Requirement: Except for images, print the whole listing verbatim.

Data:
++++++++++++++++++++

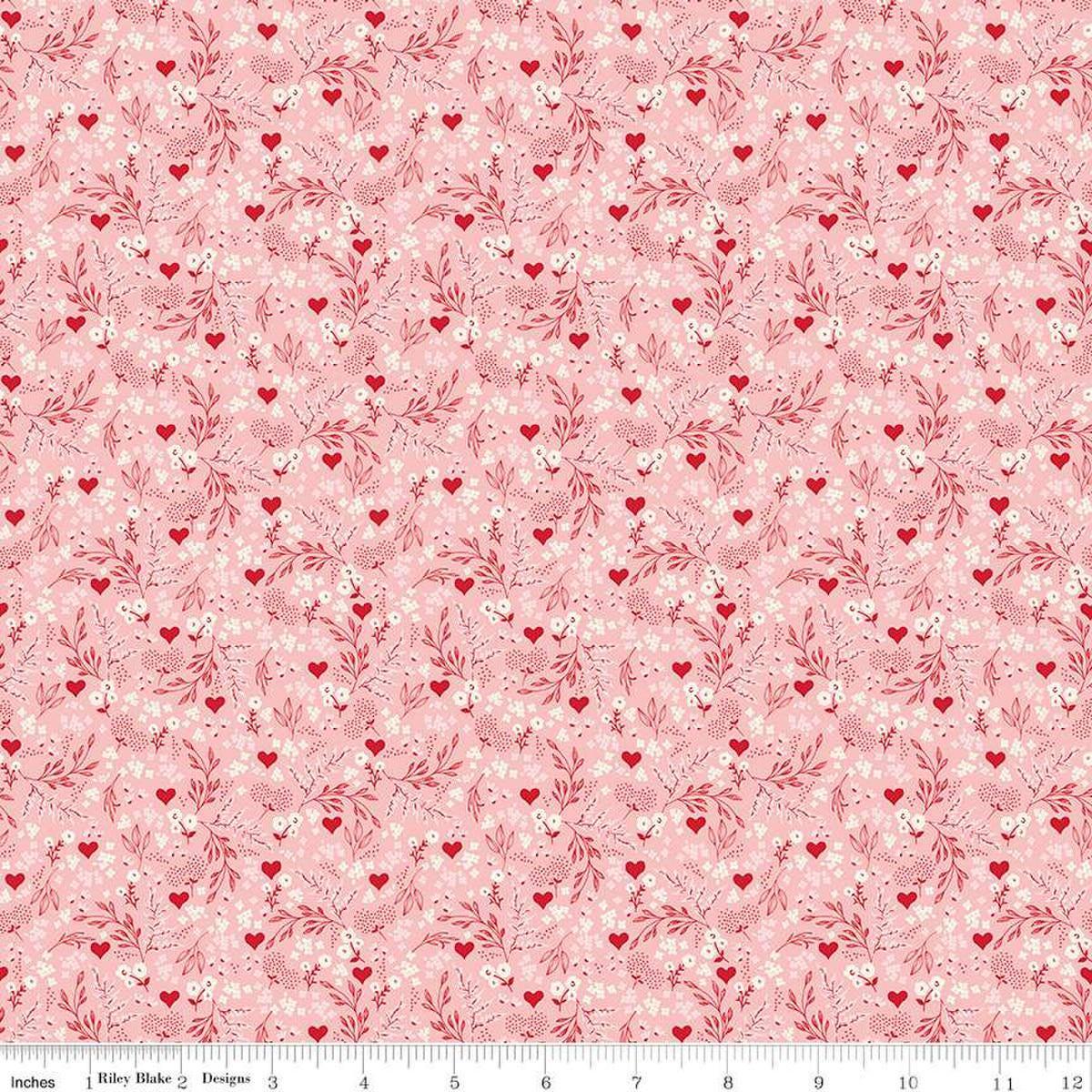 Image of Letters to Cupid Ditsy Floral Pink quilting cotton fabric by My Mind's Eye for Riley Blake Designs. Features flowers on a pink background. Cute Little Fabric Shop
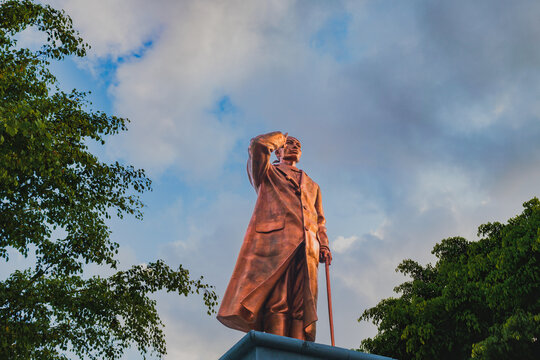 Bronze statue of General Sudirman against a cloudy sky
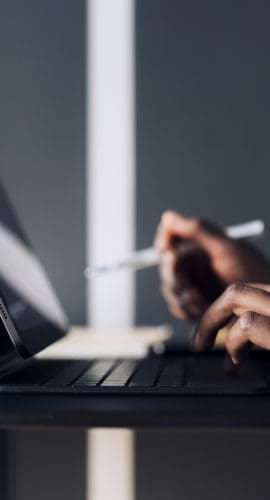 Unrecognizable African-American business woman typing notes on a keyboard while having online web conference on a digital tablet in a restaurant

++++++++++++++++++++

Written solution:
 Image of Letters to Cupid Ditsy Floral Pink quilting cotton fabric by My Mind's Eye for Riley Blake Designs. Features flowers on a pink background. Cute Little Fabric Shop
 Bronze statue of General Sudirman against a cloudy sky
 Unrecognizable African-American business woman typing notes on a keyboard while having online web conference on a digital tablet in a restaurant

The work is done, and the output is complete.